Outro sinal de tráfego são as aspas. Têm múltiplas funções. Servem geralmente para marcar uma citação. Mas também para deixar clara a posição do editor. Os acontecimentos pós-queda do Muro geraram uma intensa batalha de aspas nas redações. Certa vez, na Folha de S. Paulo, recebi um despacho que falava dos crimes do comunismo durante o regime dos Ceaucescu, na Romênia. Traduzi o texto, coloquei-o no bom tamanho e dei meu trabalho por feito. Dia seguinte, lá estava a notícia. Mas falava de "crimes" do comunismo. Com crimes entre aspas, para deixar bem claro que a redação não assumia a idéia de que comunistas pudessem cometer crimes.

Trabalhei mais tarde no Estadão. Um belo dia, recebo um telefonema de um colega da Folha:

— Janer, aquela nota sobre a Finlândia, foste tu que a redigiste, não foi?

De fato, fora eu. Mas como é que ele sabia?

— Pelas aspas. Puseste entre aspas "política de neutralidade". Só podiam ser tuas.

Me senti lisonjeado.
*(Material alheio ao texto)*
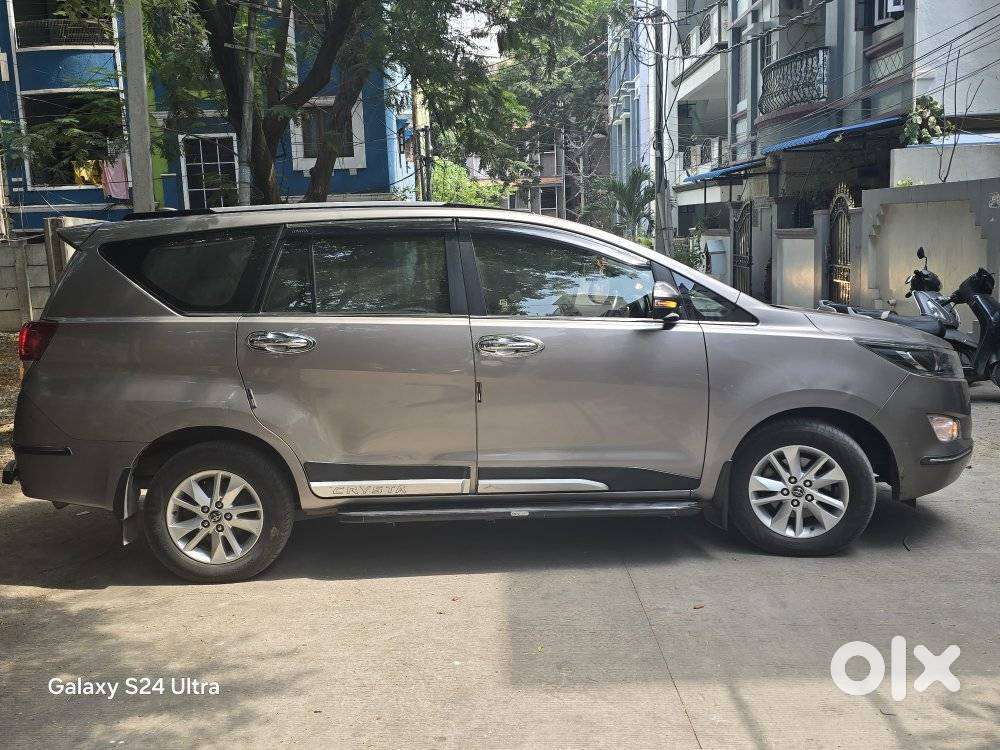 Toyota Innova Crysta 2.4 V, 2019, Diesel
Já era reconhecido até pelas aspas.

Outro recurso do redator, para bem definir sua postura, é a bendita palavrinha suposto. Se nas editorias de Nacional o adjetivo é uma prudente salvaguarda para evitar processos por parte de um suspeito ou indiciado em qualquer crime, no noticiário internacional é um recurso para preservar antigas crenças. E já li no Estadão, juro que li, esta frase: supostos terroristas explodem carro-bomba no Peru.

Uma ressalva é sempre oportuna. Poderia ocorrer que o carro-bomba tivesse sido montado por uma equipe de carmelitas descalças. Perguntei ao redator: supostos terroristas, companheiro? Ele releu o texto e justificou: força de hábito. Claro que ninguém vai grafar "suposto nazista". Quando se trata de nazistas, não há aspas nem supostos.

Texto-legenda, em jornalismo, é aquele texto curto e ágil que acompanha uma foto ou ilustração. Segundo o manual de redação da Folha de S. Paulo, seu título pode recorrer a trocadilho ou outras formas de humor.

Foi no século passado, lá por 93. A União Soviética, seguindo a insuspeita previsão de Marx, tomara os rumos anunciados no Manifesto: tudo que é sólido se desmancha no ar. Das agências, recebemos em fim de tarde uma charge de alguma revista internacional: em Moscou, uma velhota russa, com uma cesta vazia no braço, procurava abastecer-se no mercado. No balcão de pães, não havia pães, apenas bombas atômicas em formato de pães. Dei vazão a todo meu talento. Titulei com gosto:

O PÃO QUE MARX AMASSOU

Não é todo o dia que a musa desce num fechamento de jornal. Me pareceu ter ganho com verve meu pão naquele dia. No entanto, estávamos no deadline e o caderno não fora fechado. No computador ao lado, o editor suava a cântaros e gemia como em trabalhos de parto. Pousei em seus ombros como um papagaio e notei que tentava um novo título.

— Mas o meu não está ótimo? — quis saber.

Me olhou indignado:

— Não é hora de piada.

Os minutos corriam e o novo título não dava os ares da graça. Desesperado, o editor retomou o antigo e substituiu uma palavra:

O PÃO QUE STALIN AMASSOU

Assim não vale, protestei. Xingar o Stalin é chutar cachorro morto. Entre nós, só o Niemeyer e o Prestes ainda o cultuavam. Que mais não fosse, não tinha aquele efeito aliterativo, Marx amassou. O Velho, não! — insistia o editor. Para não atrasar o fechamento, optou pela média:

O PÃO QUE LÊNIN AMASSOU O jornal quase atrasou. Mas o Velho foi salvo.